Pinochet, historical fiction, and us

An article on advised authors of alternate history novels to bring their stories up to the present day. Author Terry Bisson advises, “If you don’t bring your alternative history up to the reader’s present, then you leave out half the fun.” I don’t believe this is necessary. The past itself offers relevant lessons for the present.

The Dictator’s Shadow: Life Under Augusto Pinochet by Heraldo Muñoz is one of the books I read as I was writing Doria. I recently finished rereading it when the following quote caught my attention.
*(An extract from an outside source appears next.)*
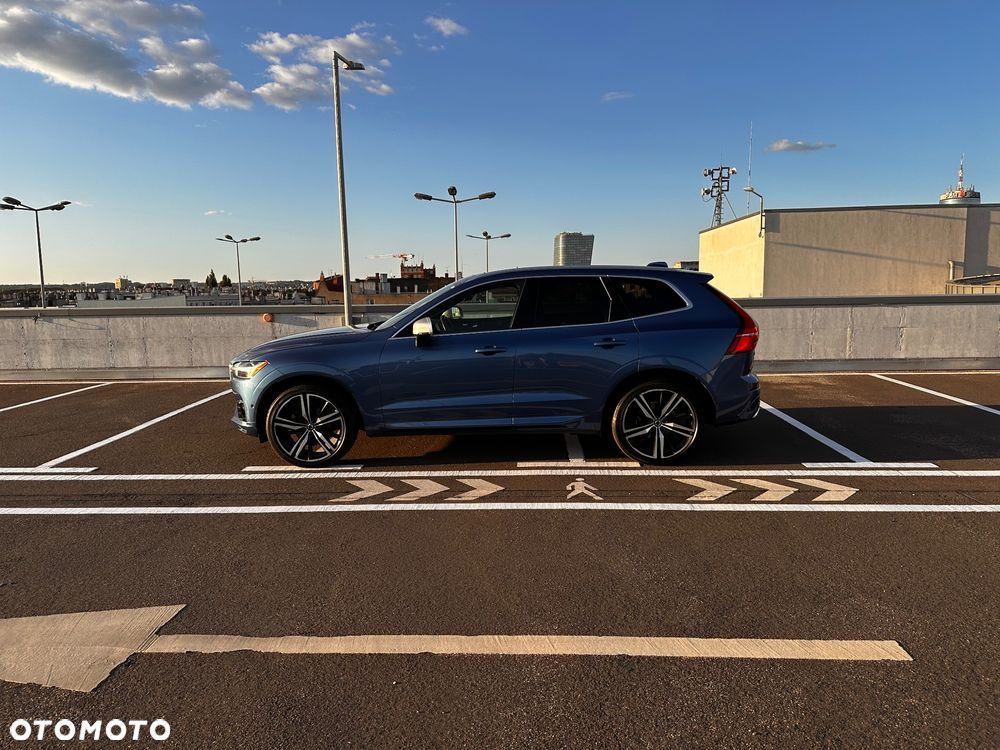 Volvo XC 60 T5 AWD R-Design - 2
Looking back, we can see that Pinochet was partly our own creation. The polarization of Chilean society, the unrealistic demands of the left for radical change from a government elected by a plurality, the ideologization and inflexibility of a formerly pragmatic political center, and the reaction of an uncompromising right that opposed change and defended its privileges — all contributed to the breakdown of Chilean democracy and the emergence of Pinochet.

Isn’t this the political situation we have now in the United States? President Obama is attacked as viciously by the left for not being liberal enough as he is from the right for being too liberal. We have a widening gap between rich and poor; the left and right; the urban, suburban, and rural. The same issues that plague us today were plaguing Chile forty years ago. If we don’t think that what happened to Chile would happen to us, remember that Chileans considered their own society civil, stable, and based on the rule of law.
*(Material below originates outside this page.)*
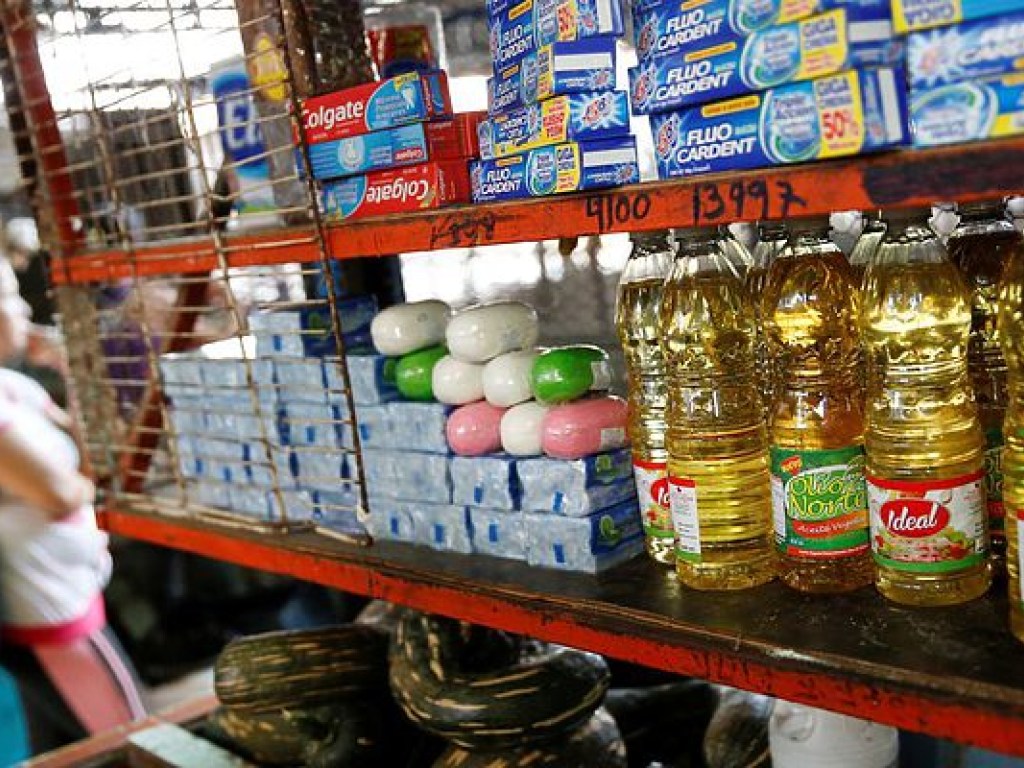 В Венесуэле военные взяли под охрану супермаркеты из-за массовых грабежей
This is the type of insight that historical fiction and alternate history can give us. They show us how we got where we are, and how we can avoid the same mistakes we made in the past. The best historical fiction and alternate history can be as relevant as if they happened today. All those “if the Nazis won World War II” books can give us insight into the current situation in Europe — with Germany and France taking the lead in trying to save the European economy. All those “if the South won the Civil War” books can help us understand the political divisions in our country today.

What can Pinochet and Chile teach us? In Doria, I wanted to show the importance of people overcoming their divisions to save themselves from disaster. One of my characters tells his political enemy, “I would like to think that our love for our country is greater than our hatred of each other.” By pulling together, they are able to rebuild their country and face an even greater enemy.

So, it isn’t necessary to bring historical fiction or alternate history to the present time. Any good book, no matter what time it is set, gives us something insight into our world and our lives.